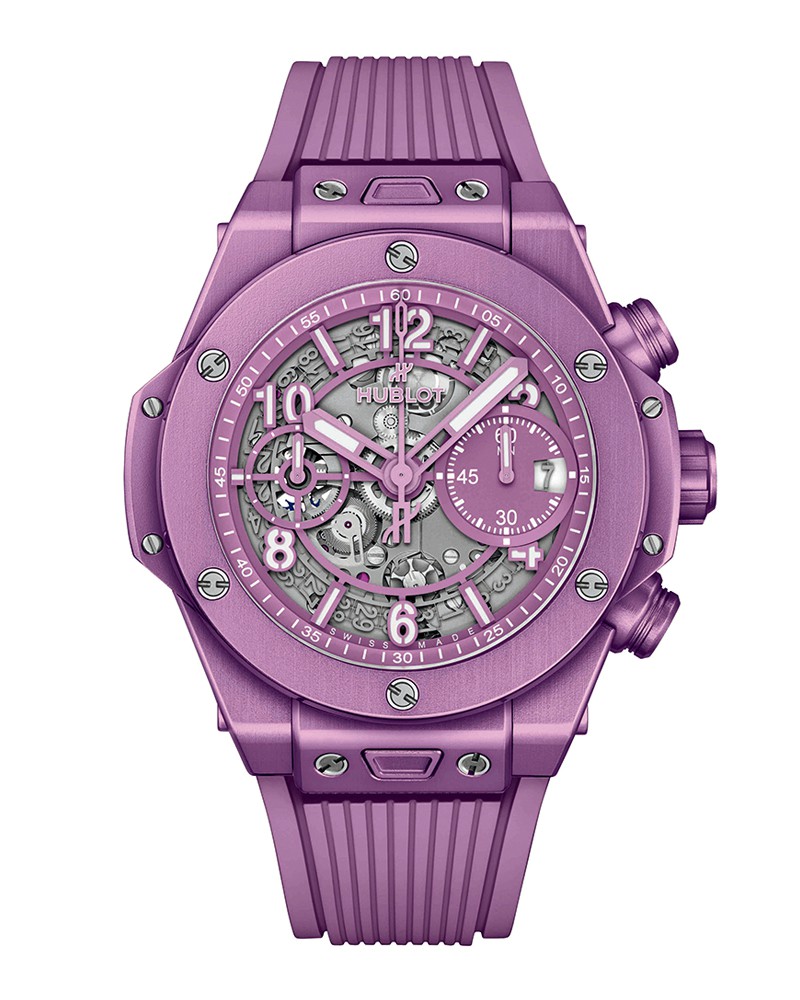 ▲ 「ビッグ・バン ウニコ サマー パープル」自動巻き、パープルアルミニウムケース(42㎜)、ラバーストラップ(ベルクロストラップが付属)。10気圧防水。世界限定200本。256万3000円/ウブロ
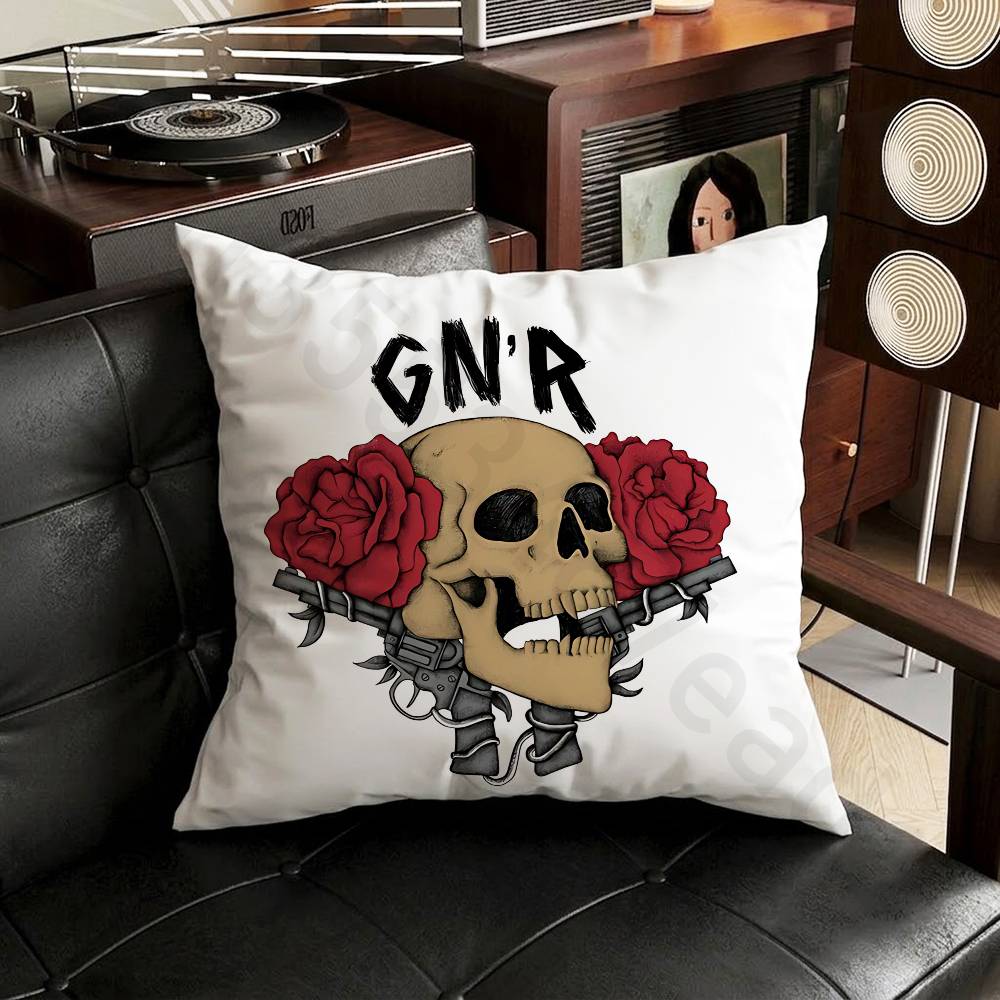 Band GGuns N Roses Pillow Case Antidustmite Pillowcase Invisible zipper silky short plush Sofa cushion cover
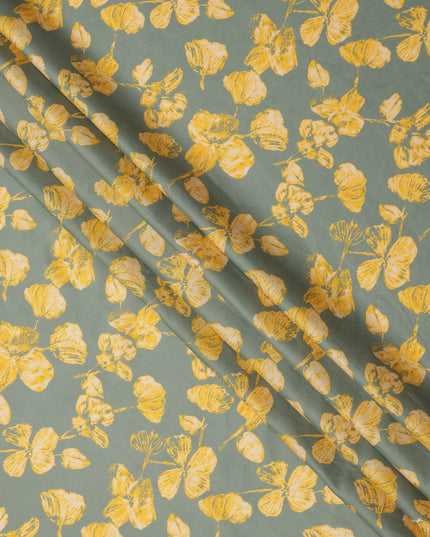 Sage Green and Mustard Yellow Floral Printed Cotton Lawn Fabric, Width 110 Cms, Made in India-D23927 - Regal Fabrics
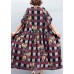 Beautiful o neck large hem linen quilting dresses To Get design red Plaid Art Dress summer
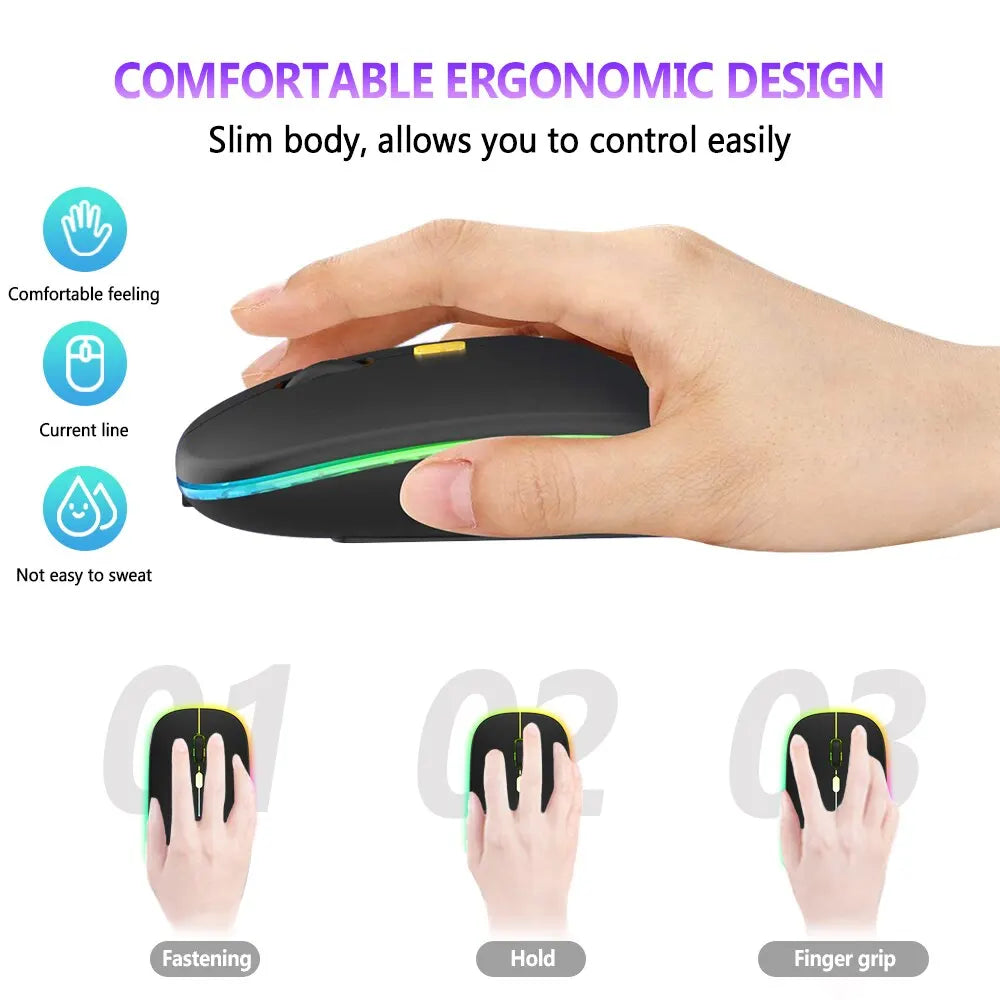 Wireless Mouse Bluetooth and 2.4GHz Dual Modes RGB Ergonomic Silent Click for PC iPad Laptop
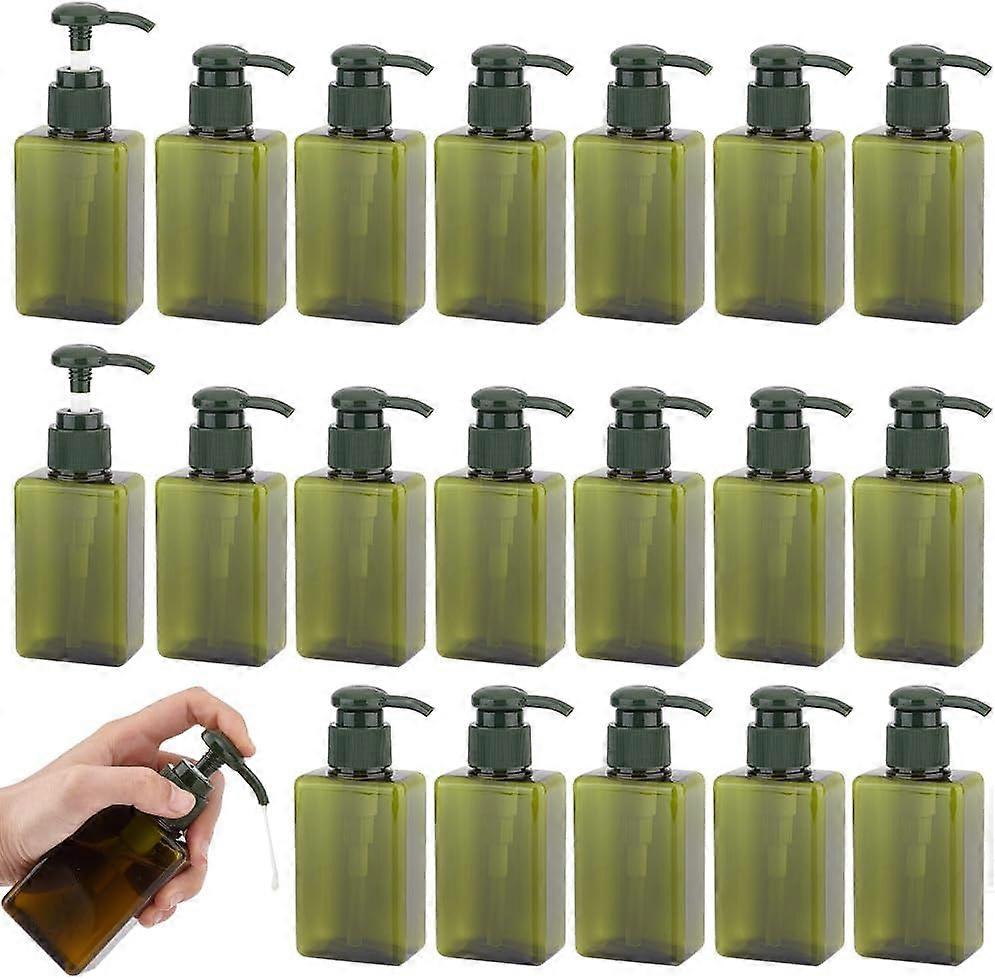 30Pcs Plastic Pump Press Bottles 100ml/3.38oz Small Dispenser Bottles Dark Olive Green Clear Shampoo and Conditioner Bottles Square Empty Travel Bottl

★ ★ ★ ★

* [WORK TO BE COMPLETED] Leave every picture out and write out exactly the lines from the line with "Beautiful o neck" through the last line of the material.

* [ANSWER AREA]
 Beautiful o neck large hem linen quilting dresses To Get design red Plaid Art Dress summer
 Wireless Mouse Bluetooth and 2.4GHz Dual Modes RGB Ergonomic Silent Click for PC iPad Laptop
 30Pcs Plastic Pump Press Bottles 100ml/3.38oz Small Dispenser Bottles Dark Olive Green Clear Shampoo and Conditioner Bottles Square Empty Travel Bottl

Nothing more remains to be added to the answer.